Мы же, маленькие, с жадностью и с завистью осматривали столы старших учениц, уходивших раньше нас. На их столах валялись ломтики хлеба, и мы наскоро убирали эти ломтики, делая это искусно, чтобы классная дама не заметила.
Порции блюд были настолько миниатюрные, что только при той неподвижной сидячей жизни, которую мы вели, можно было не чувствовать себя обессиленными. Лучше еще было тем, родители которых жили в городе и кто был в старшем классе, но беда нам, маленьким, кому только изредка пришлют несколько рублей.

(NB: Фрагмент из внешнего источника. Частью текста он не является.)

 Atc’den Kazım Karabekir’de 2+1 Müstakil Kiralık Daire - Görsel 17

Вообще маленькие были везде более загнаны и несчастны, и они с нетерпением ждали поступления в старшие классы, чтобы лучше поесть. В последнем классе как будто меньше голодали, как я упомянула выше, в особенности в те дни, когда дежурили по кухне. В выпускном классе нас якобы обучали кулинарному искусству. Мы поочередно раз в три недели дежурили, но кто был побойчее и храбрее, те выпрашивали дежурства не в очередь; я, по крайней мере, за все время своего пребывания дежурила не более трех раз. Но если мы ничего не извлекали из наших дежурств по части кулинарных знаний, зато эти дни были для нас самыми веселыми и праздничными. Мы ели хорошо, кормили и своих друзей, классных дам, готовили с радостью песочные пирожные, так называемые «шмандкухен», считая для себя особенным счастьем иметь возможность их есть. Мы готовили так называемые образцовые обеды, и каждый раз в числе блюд были «шмандкухен».

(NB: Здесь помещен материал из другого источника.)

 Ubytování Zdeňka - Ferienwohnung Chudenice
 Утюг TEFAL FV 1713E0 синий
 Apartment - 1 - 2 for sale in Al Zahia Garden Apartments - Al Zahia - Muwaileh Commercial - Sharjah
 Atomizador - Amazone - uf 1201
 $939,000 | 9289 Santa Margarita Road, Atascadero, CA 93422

В столовой царила тишина, все сосредоточенно ели и среди еды осматривали с любопытством стол и заднюю стенку у входной двери, интересуясь тем, кто стоял за черным столом без передника у стенки, и тем, кто стоял просто за столом. За одну из наказанных мои подруги очень конфузились: дело в том, что для нас, маленьких, было одно позорное наказание, практиковавшееся в столовой. Кто не умел хорошо носить туфли и стаптывал их, ту ставили за черный стол в чулках, а стоптанные туфли ставили перед наказанной на всеобщее обозрение. В день моего поступления была такая наказанная, и это меня страшно напугало. Я весь день ходила на цыпочках, постоянно смотрела на свои ноги, — оказалось, что стоящая без туфель была из нашего класса, и наш стол был особенно сконфужен в этот день.
После обеда нам дали отдых на полтора часа, затем с шести-восьми <часов> нас опять засадили неподвижно сидеть и зубрить.
При свете тусклых ламп, вечно коптящих и издающих запах масла, и в присутствии вечно шмыгающего ламповщика мы готовили уроки на следующий день, причем поочередно с трепетом подходили маленькие к классной даме и отвечали свой урок, опасаясь больше ее гнева, чем неодобрения учителя.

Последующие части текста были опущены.